We open with Liszt who will be boasting another appearance later in the programme. This is Liszt’s interpretation of Hamlet. In this, he tries to hone in more on the psychological portrayals of the main characters, Ophelia, whose side is told through the clarinets and also Hamlet whose character is interpreted by a stirring upward theme in the string section. Although I am not very familiar with Hamlet, it is obvious that there is a tragic end, after all this is Shakespeare.
This music is delicate and firm in places carrying drama. There is great use of deathly silence, which can just be as important as sound itself. It’s the space in the music that allows us to breathe or even keep us on the edge of our seats in anticipation. This space and loneliness is different to the gestures of his grandiose piano music.
Liszt’s first appearance would be followed by a new world premiere by Julian Anderson. He would present to us a piano concerto that was very alternative in a lot of ways. Instrumentation was certainly unique and included a milk frother and an additional piano tuned a quarter tone flat.

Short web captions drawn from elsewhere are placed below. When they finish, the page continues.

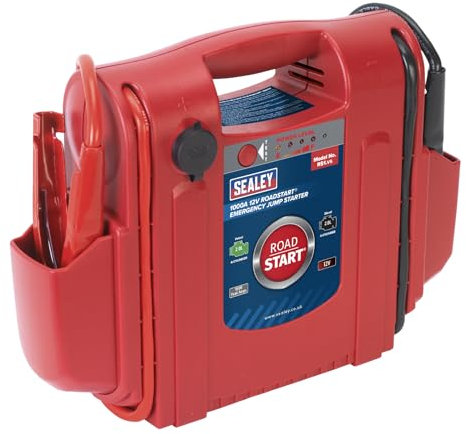 Sealey Rs1 Roadstart Emergency Power Pack 12V 1000 Peak Amps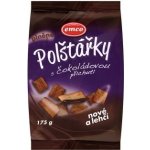 Emco Plněné polštářky s čokoládovou příchutí 175 g – Sleviste.cz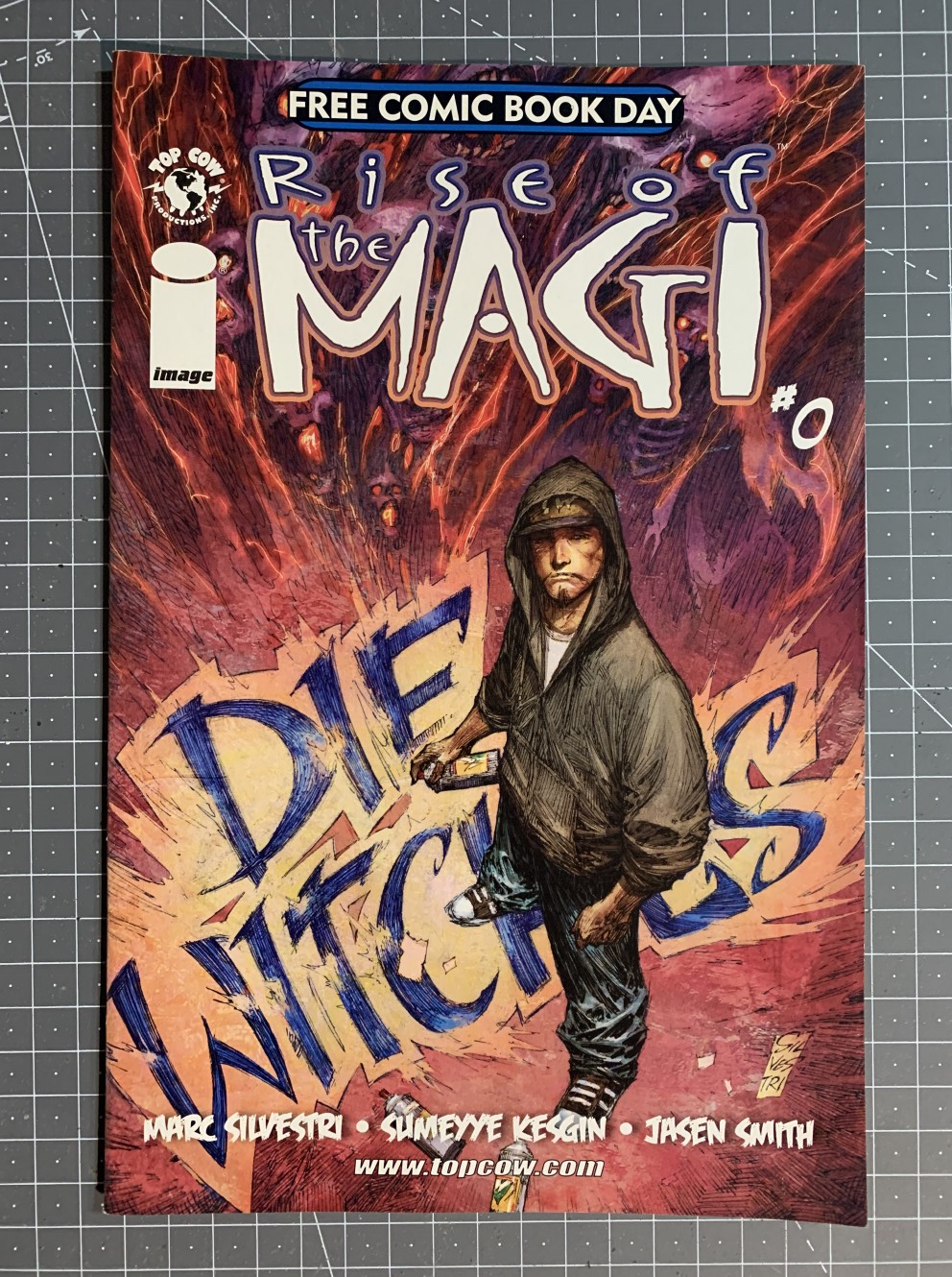 Rise of the Magi - 0 - Image Comics  - Free Comic Book Day 2014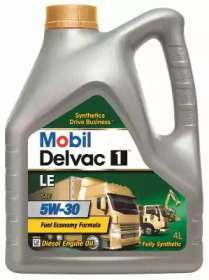 Купить MOBIL 152664 Моторное масло Mobil 1 Delvac LE 5W-30 4л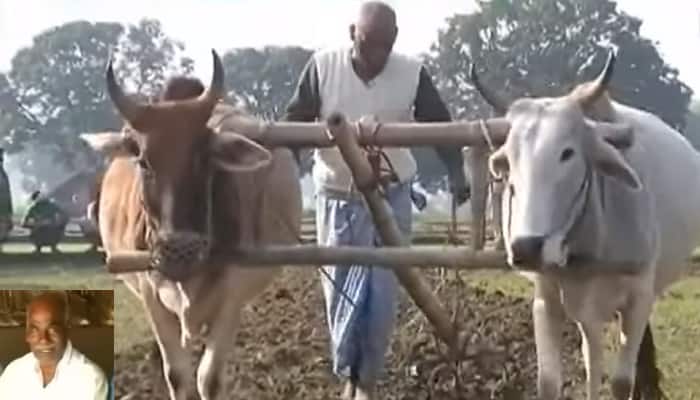 VIDEO: Meet Banshidhar Baudh, a UP govt minister who lives in hut, ploughs field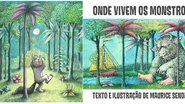 O livro "Onde Vivem os Monstros" de Maurice Sendak, homenageado hoje pelo Google - Divulgação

Anderson plays with sound in a fun, interesting way. It’s being manipulated. In a way, it’s like sound is discovering itself and can be quite dreamlike in places. Although there are unusual sounds, it works. Clearly we are listening to deep seated, internal, intimate emotions. There were even maniacal streaks in this and obviously a minimalist influence. What was interesting for a piano concerto is the piano is more in partnership with the orchestra rather than just taking the starring role, which is refreshing.
As an interlude between this piece and the concluding Mussorgsky, is another appearance from Liszt. This time, a symphonic tone poem, which more or less tells of the story of life. It certainly has a different flavour to the opening piece but leads us nicely into Mussorgsky.
Pictures at an Exhibition anchors itself on one particular musical sentence which swaggers with a grandiose stride. I love the smoky saxophones and the Eastern European nuances that break through the seams of this work. This is a piece of music that carries strength and power but is also playful.
The theme is consistent and carries an interesting narrative, it’s hard to believe that this has been converted into an orchestral piece by Ravel from what were originally piano pieces. Unbelievable!